— WHAT TO DO —
Start to finish, print the data below exactly, without the images.

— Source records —
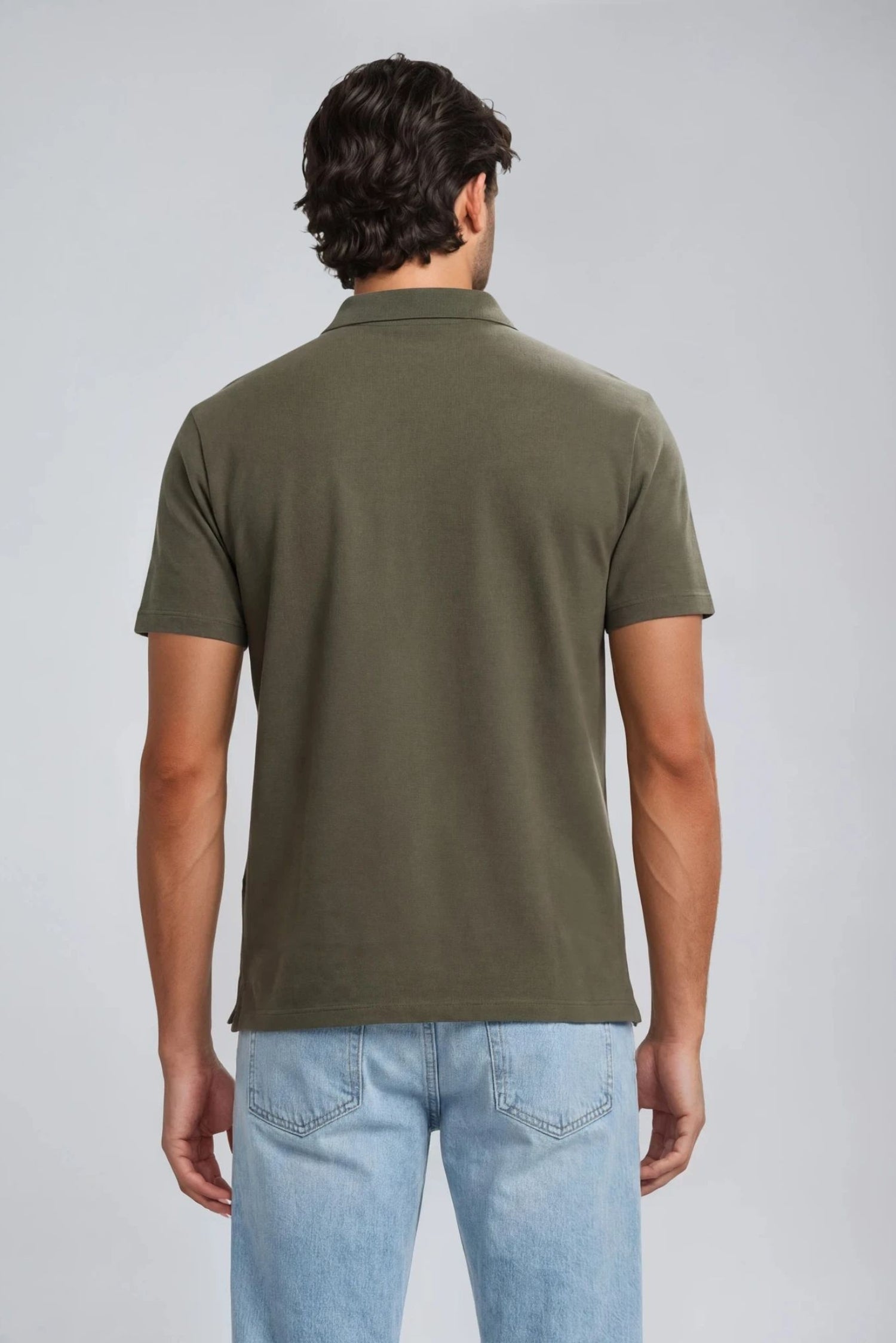 Performance Polo, Army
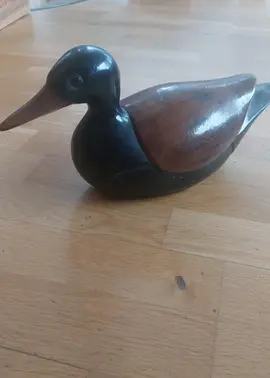 canard décoratif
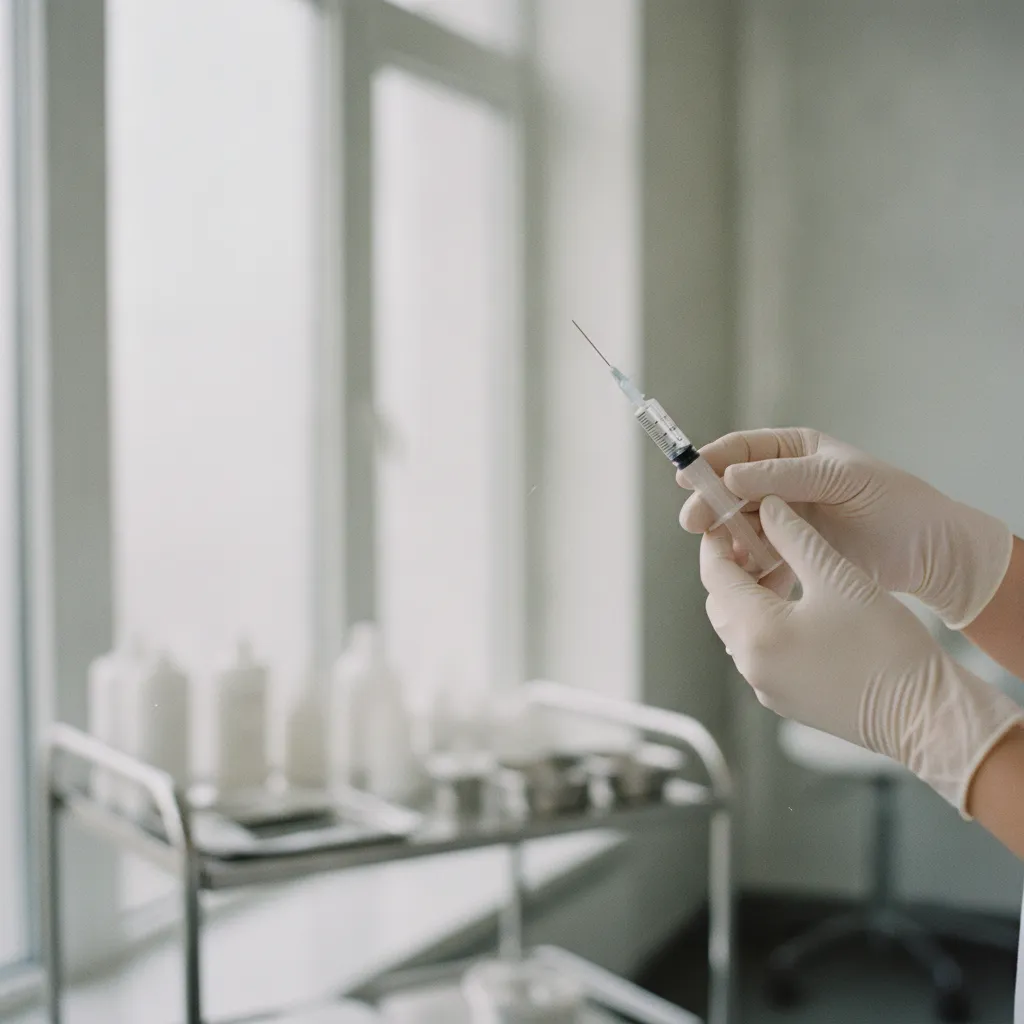 Le choix d'un médecin qualifié est la première garantie pour limiter les effets secondaires des injections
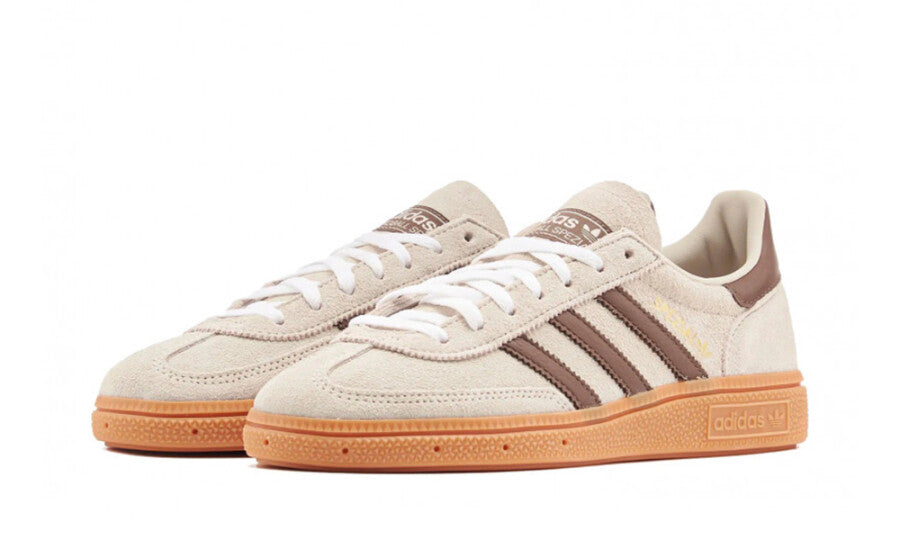 adidas Handball Spezial Off-White Earth Strata Gum (Women's)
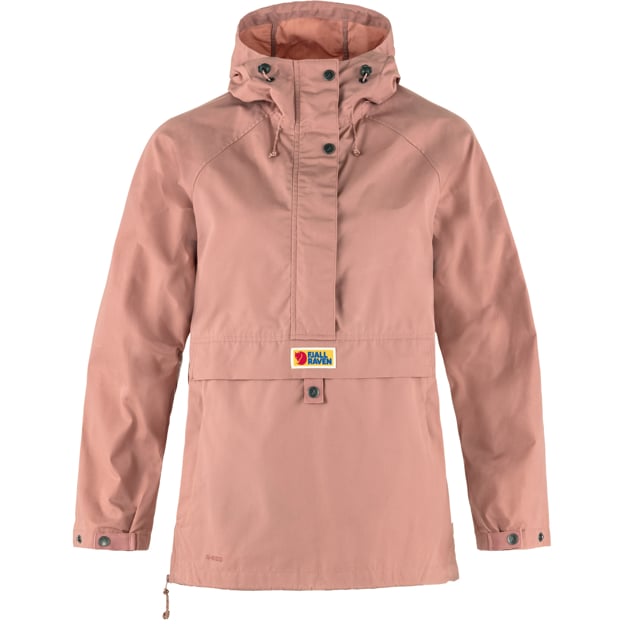 Hiking Ready Vardag Anorak W for Outdoor Layering Hiking Travel and Everyday Wear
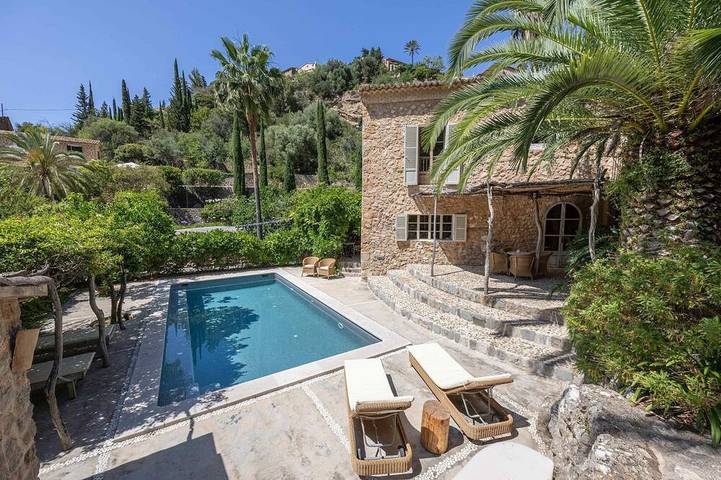 Villa for 8 people, with garden and terrace - 1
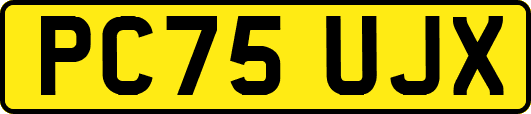 PC75UJX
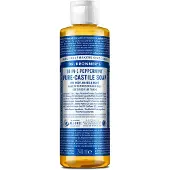 Dr Bronner Dr. Bronner's Peppermint Vloeibare Zeep - 240ml
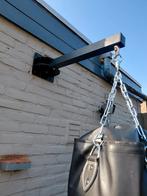 Bokszak muurbeugel - Stevige bevestiging, Sport en Fitness, Boksen, Ophalen, Zo goed als nieuw, Boks-accessoire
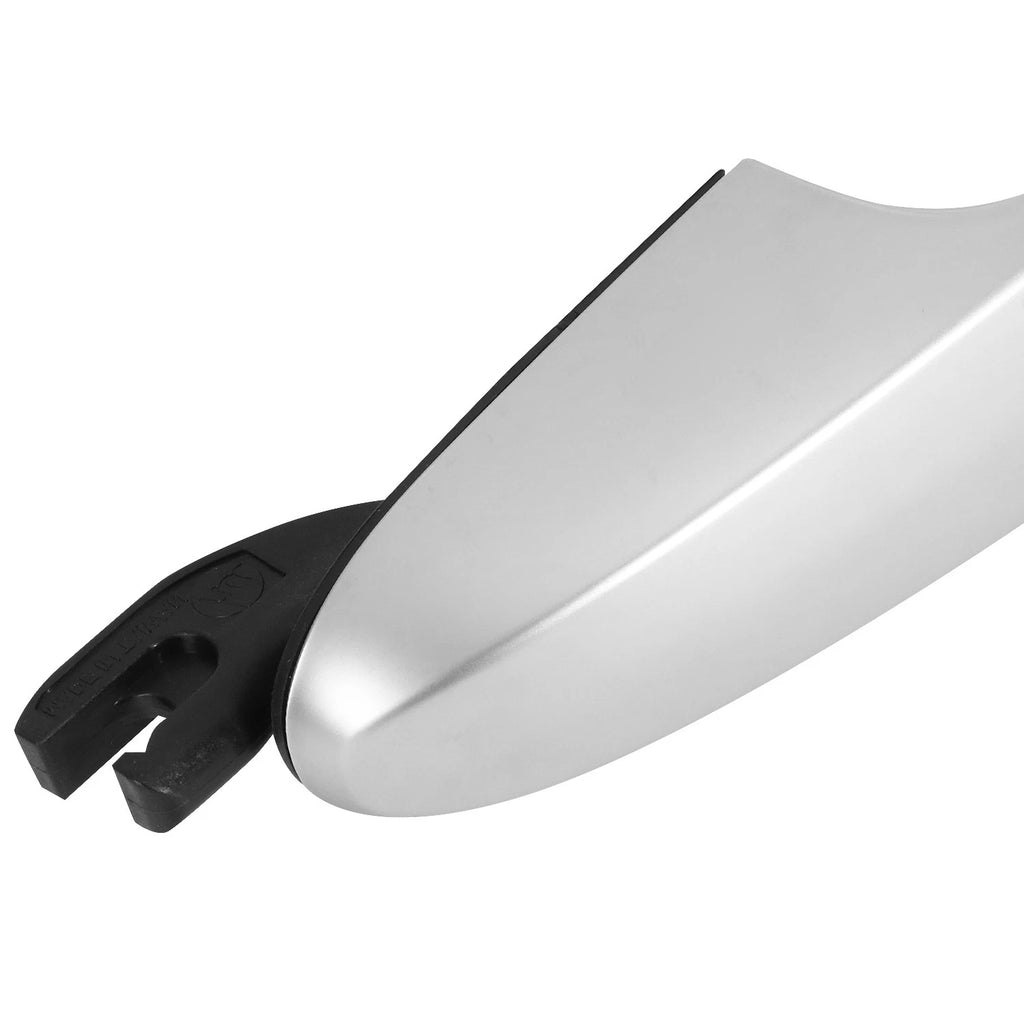 Outer Door Pull Handle for Fiat 500L (2014–2017) - Left Side, Keyhole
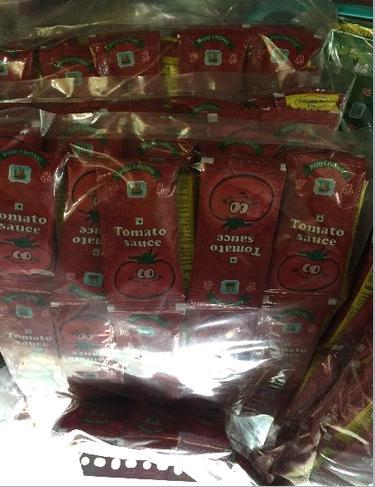 Pou Chong Tomato Pouch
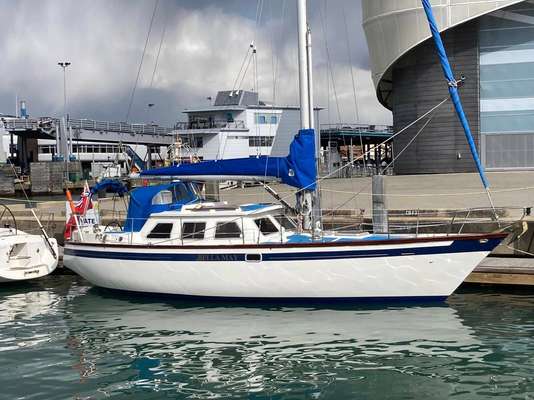 1986 Seastream SEASTREAM 34 - Photo 1
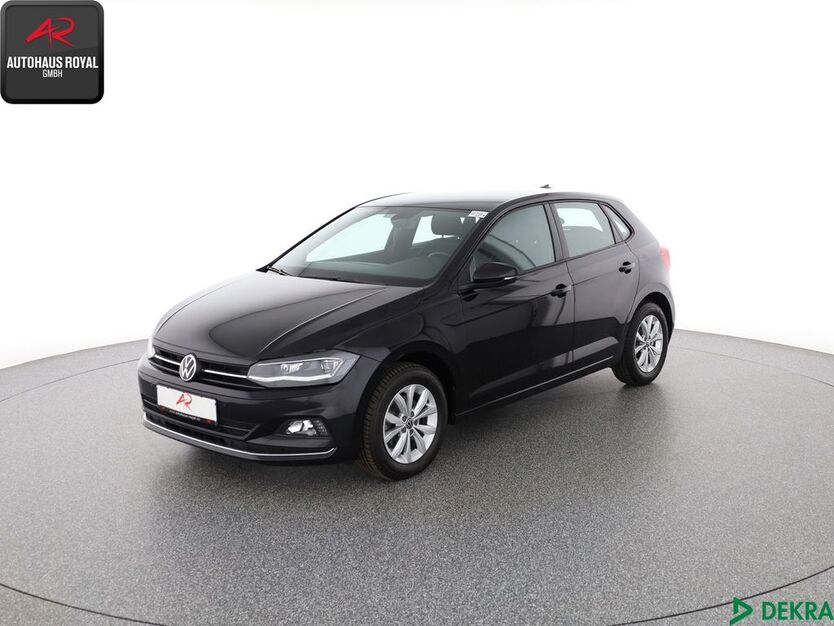 VW Polo 43.007 km 17.770 € Schönefeld 12529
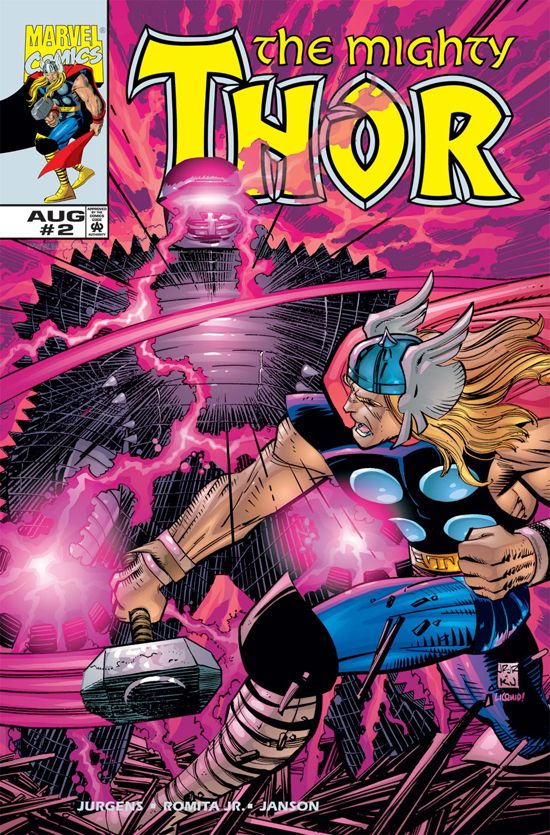 Thor (1998) #2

— RESULT OF THE EXERCISE —
 Performance Polo, Army
 canard décoratif
 Le choix d'un médecin qualifié est la première garantie pour limiter les effets secondaires des injections
 adidas Handball Spezial Off-White Earth Strata Gum (Women's)
 Hiking Ready Vardag Anorak W for Outdoor Layering Hiking Travel and Everyday Wear
 Villa for 8 people, with garden and terrace - 1
 PC75UJX
 Dr Bronner Dr. Bronner's Peppermint Vloeibare Zeep - 240ml
 Bokszak muurbeugel - Stevige bevestiging, Sport en Fitness, Boksen, Ophalen, Zo goed als nieuw, Boks-accessoire
 Outer Door Pull Handle for Fiat 500L (2014–2017) - Left Side, Keyhole
 Pou Chong Tomato Pouch
 1986 Seastream SEASTREAM 34 - Photo 1
 VW Polo 43.007 km 17.770 € Schönefeld 12529
 Thor (1998) #2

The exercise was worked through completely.